[Exercise materials — start]

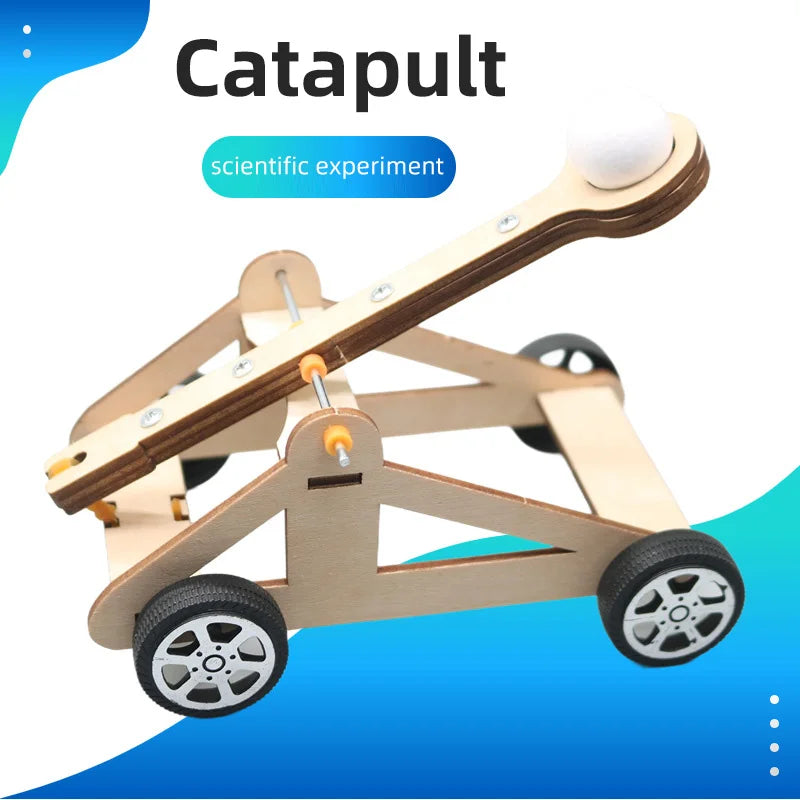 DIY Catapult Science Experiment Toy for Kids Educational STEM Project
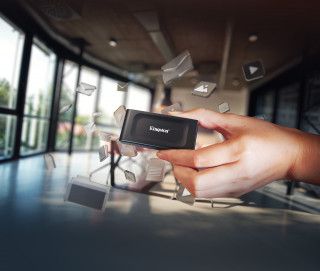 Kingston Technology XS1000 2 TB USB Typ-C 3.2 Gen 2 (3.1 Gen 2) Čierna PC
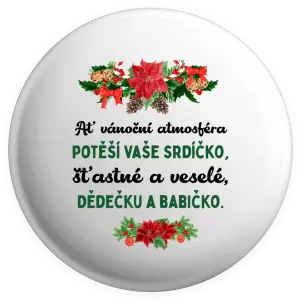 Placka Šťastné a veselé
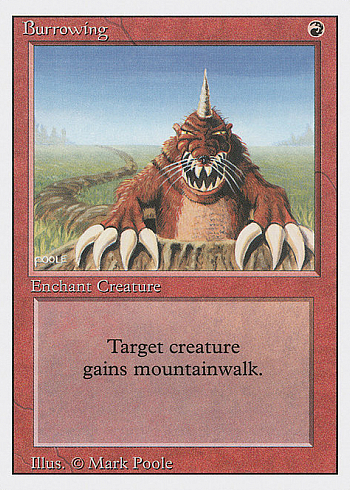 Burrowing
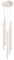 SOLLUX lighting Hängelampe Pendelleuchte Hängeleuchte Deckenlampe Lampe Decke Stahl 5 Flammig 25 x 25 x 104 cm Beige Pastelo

[Exercise materials — finish]
[Exercise materials — start]

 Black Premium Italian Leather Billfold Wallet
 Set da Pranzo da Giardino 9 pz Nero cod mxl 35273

[Exercise materials — finish]
[Exercise materials — start]

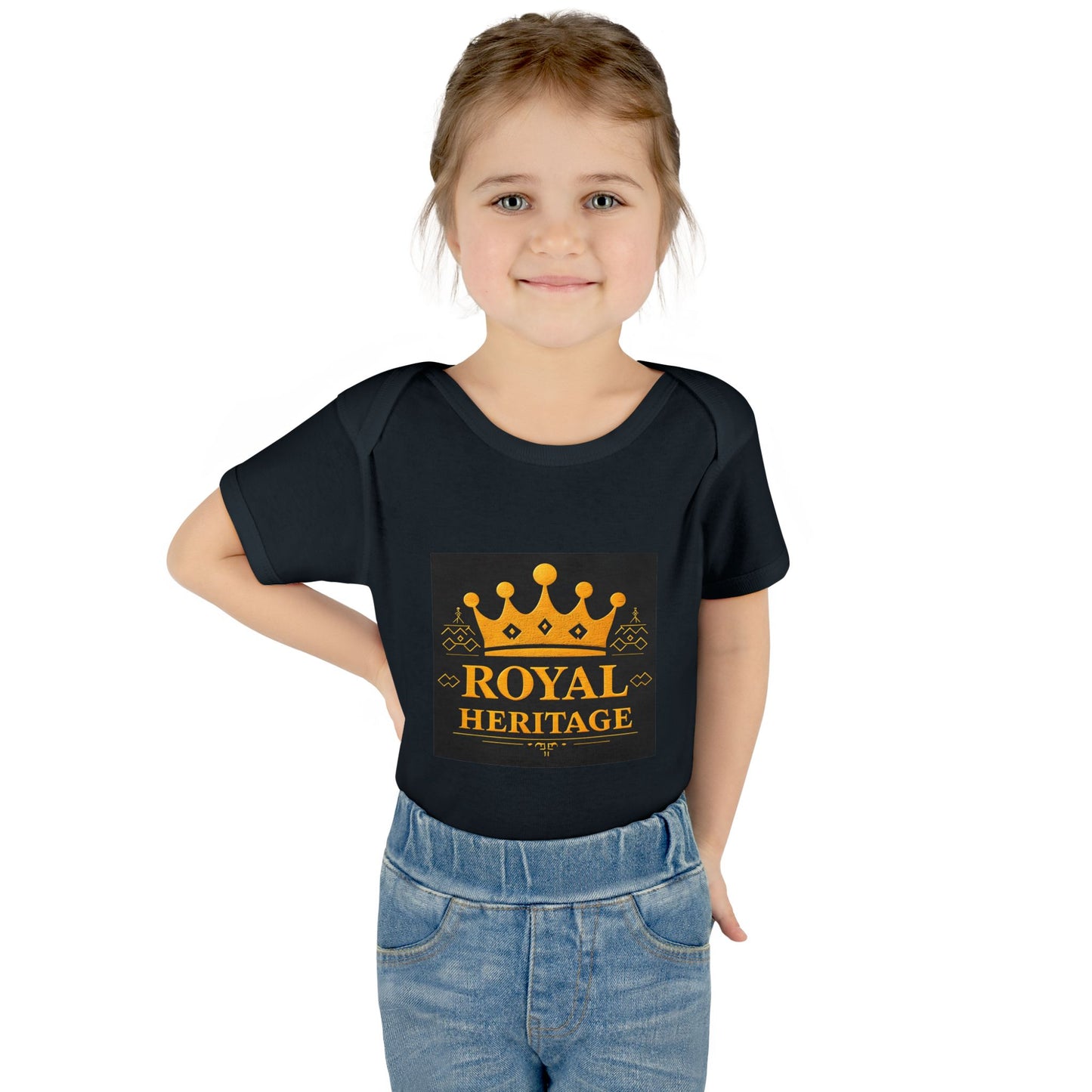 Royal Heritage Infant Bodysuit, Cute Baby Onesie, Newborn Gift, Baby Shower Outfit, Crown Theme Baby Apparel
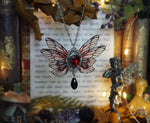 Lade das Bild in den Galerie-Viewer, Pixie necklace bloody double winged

[Exercise materials — finish]

Work required:
Print the line above containing "DIY Catapult Science", the line containing "SOLLUX lighting Hängelampe", and everything between them, exactly as written. Pictures stay out.

Answer area:
 DIY Catapult Science Experiment Toy for Kids Educational STEM Project
 Kingston Technology XS1000 2 TB USB Typ-C 3.2 Gen 2 (3.1 Gen 2) Čierna PC
 Placka Šťastné a veselé
 Burrowing
 SOLLUX lighting Hängelampe Pendelleuchte Hängeleuchte Deckenlampe Lampe Decke Stahl 5 Flammig 25 x 25 x 104 cm Beige Pastelo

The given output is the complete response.